Pero si alguien piensa que el presidente estadounidense no hace más que trolear o bromear con sus constantes referencias a Canadá como el estado 51, le remito el reportaje de mi colega de redacción Matina Stevis-Gridneff, según el cual Trump le dijo al entonces primer ministro de Canadá, Justin Trudeau, “que no creía que el tratado que delimita la frontera entre los dos países fuera válido y que quería actualizar la frontera”.
Trudeau dijo a los canadienses que Trump quería “ver un colapso total de la economía canadiense, porque así será más fácil anexionarnos”. No es una declaración que un líder mundial haga a la ligera, aunque ese líder mundial se llame Donald Trump.
¿Y por qué no iban a alarmarse los canadienses? Trump ha sido bastante claro con sus intenciones y su razonamiento.
Permítanme citar la reciente conversación de Trump con Laura Ingraham, presentadora de Fox News.
“Este es mi problema con Canadá”, le dijo Trump a Ingraham. “Canadá debería ser el estado 51, porque subvencionamos a Canadá con 200.000 millones de dólares al año”.
Cuando Ingraham, desconcertada, le presionó, diciendo: “Eres más duro con Canadá que con algunos de nuestros mayores adversarios”, Trump respondió con el mismo argumento: “Solo porque se supone que es nuestro estado 51”. Más tarde, dijo: “Uno de los países más desagradables con los que debo tratar es Canadá”.

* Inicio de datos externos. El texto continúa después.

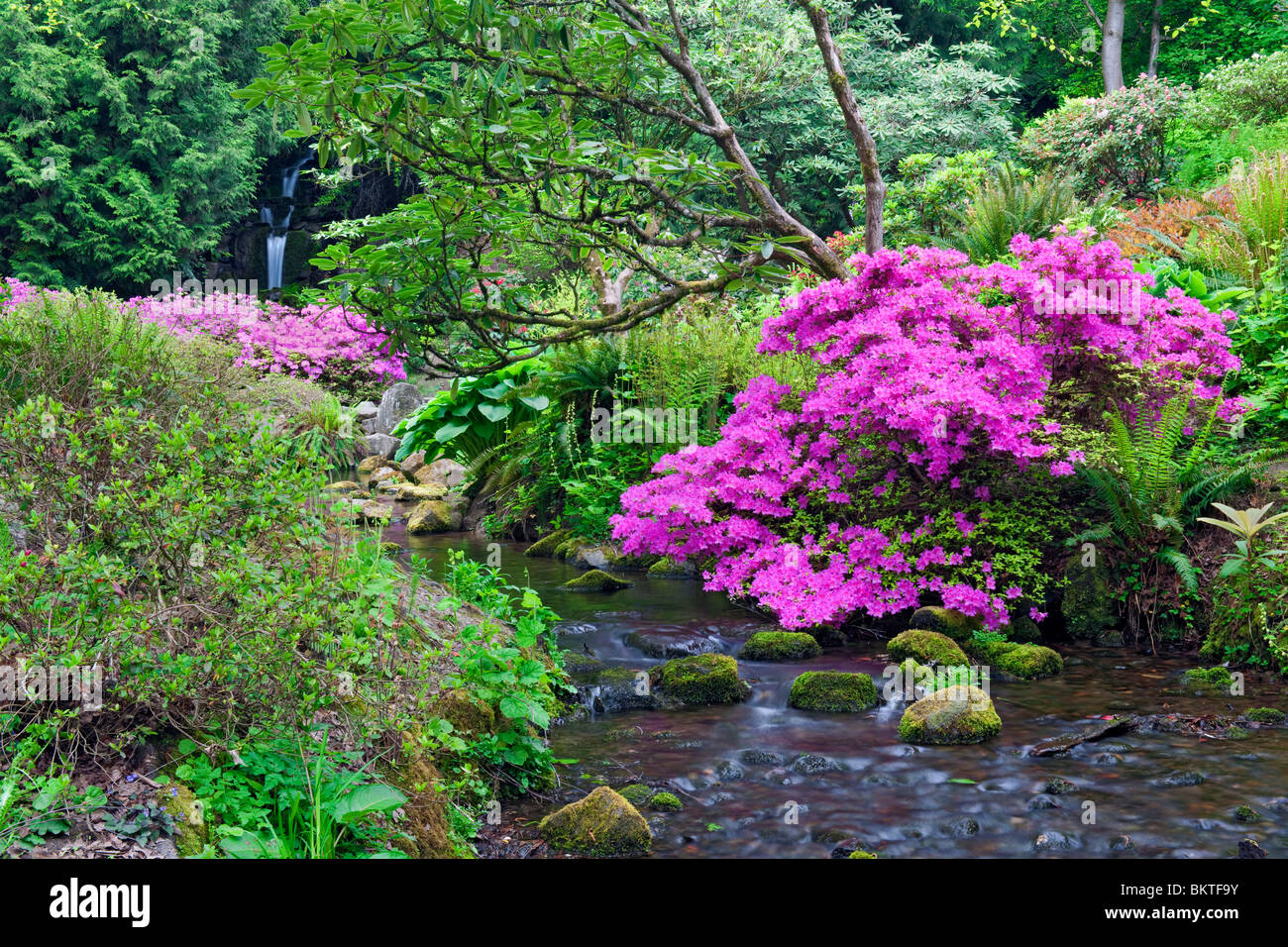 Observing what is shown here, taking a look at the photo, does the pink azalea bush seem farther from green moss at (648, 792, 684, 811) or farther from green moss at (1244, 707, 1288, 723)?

¿Qué le respondí a mi nueva amiga canadiense? “Canadá es la Ucrania de Donald Trump”.
Al parecer, Trump está de acuerdo. El viernes hizo la comparación de forma explícita. Mientras hablaba con la prensa en el Despacho Oval, volvió a pedir que Canadá se convirtiera en el estado 51 y, a continuación, comparó la posición negociadora de Canadá con la de Ucrania. “La expresión que utilizo es: ‘Algunos no tienen las cartas’”, dijo. “Utilicé la expresión hace una semana y media”, refiriéndose a su infame intercambio con el presidente de Ucrania, Volodímir Zelenski, cuando dijo a Zelenski: “No estás en una buena posición. Ahora mismo no tienes las cartas”.
Con esto no quiero decir que Trump se esté preparando para invadir o utilizar la fuerza contra Canadá. Pero sí pretende dominar Canadá, convertirlo en poco más que un vasallo de Estados Unidos, haciéndolo solo nominalmente independiente. De hecho, no se puede comprender plenamente el enfoque de Trump sobre Ucrania sin entender su opinión sobre Canadá (o México o Groenlandia o Panamá), y viceversa.
De palabra y de obra, Trump trata a Vladimir Putin y a Xi Jinping como sus verdaderos iguales. Nuestros aliados, por el contrario, son nuestros subordinados. Es como si Putin, Xi y Trump fueran señores feudales y cada uno tuviera derecho a su propio dominio feudal.
Es fácil olvidar que la abierta hostilidad de Trump hacia Ucrania no es la historia completa de su respuesta a la invasión rusa. El día después de que Putin señalara su intención de atacar y mientras el ejército ruso se concentraba en la frontera de Ucrania, Trump le dijo a un par de locutores de radio conservadores: “Esto es una genialidad”.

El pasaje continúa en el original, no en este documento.